Nuclear technology company formed in June 2016

IP3 International (International Peace, Power and Prosperity) is a nuclear technology company formed in June 2016. One project involved a plan to transfer nuclear technology from the United States to Saudi Arabia.

==History==
During the 2016 U.S. presidential campaign of Donald Trump, and subsequently, Trump aides Michael Flynn and Jared Kushner were engaged in promoting IP3 International's plan to transfer nuclear technology from the US to Saudi Arabia, for use in a proposed joint US-Russian project, in possible violation of the Atomic Energy Act. In January 2017, Derek Harvey, a retired Army intelligence officer, former staffer for David Petraeus, and then-staffer of the National Security Council under Michael Flynn, advocated for the IP3 nuclear sales plan. Harvey continued to speak with Michael Flynn "every night" even after Flynn resigned.
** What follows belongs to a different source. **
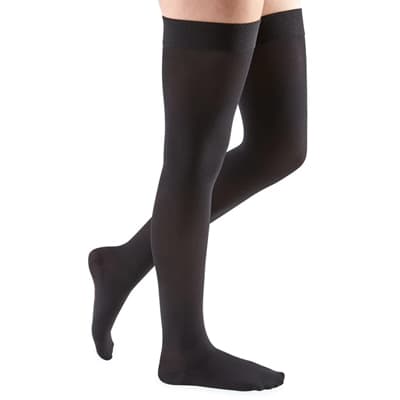 Mediven Comfort Thigh High 20-30mmHg Compression Stocking with Silicone Beaded Top Band Standard, Closed Toe, Ebony, SIze V - Pair - Image 1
In February 2019, United States House Committee on Oversight and Reform chairman Elijah E. Cummings released a report on the matter, based in part upon testimony from whistleblowers within White House. The House Oversight Committee released a second interim staff report and supporting documents in July 2019, highlighting the "gold standard" of nuclear proliferation. It also reported lobbying by Flynn and Barrack and briefings to White House members including President Trump, Jared Kushner, Gary Cohn, Mike Pompeo, and Rick Perry.

==Personnel==
Notable personnel include:
- Keith B. Alexander, cofounder and director, retired Army general, former director of the National Security Agency
- Lars Buttler, director, founder of Trion Worlds gaming
- James Cartwright, director, retired Marine Corps general, pardoned by President Obama after pleading guilty for leaking classified information
- Jack Keane, cofounder and director, retired Army general
- Robert McFarlane, cofounder and director, retired Marine Corps officer, pardoned by President George H.W. Bush after pleading guilty for involvement in the Iran-Contra affair
- Eric T. Olson, director, retired Navy admiral, former Navy SEAL
- Mike Rogers, director, former Republican congressional representative for Michigan
- Frances Townsend, director, former Homeland Security Advisor, former Justice Department attorney
- Alan Dunn, chief legal officer, twin brother of Congressman Neal Dunn and director of the failed 2018 US Expo Pavilion in Dubai, for which he was sued by the Attorney General of the District of Columbia.
- Michael J. Wallace, director, former head of Constellation Energy, member of National Infrastructure Advisory Council, member of Center for Strategic and International Studies

Michael Flynn has described himself as an advisor to IP3, which the company denies. The company does acknowledge that it has a relationship with Flynn and some officials of the company were part of ACU Strategic Partners, but had differences with Russian partnership which was advocated by its managing partner, Alex Copson.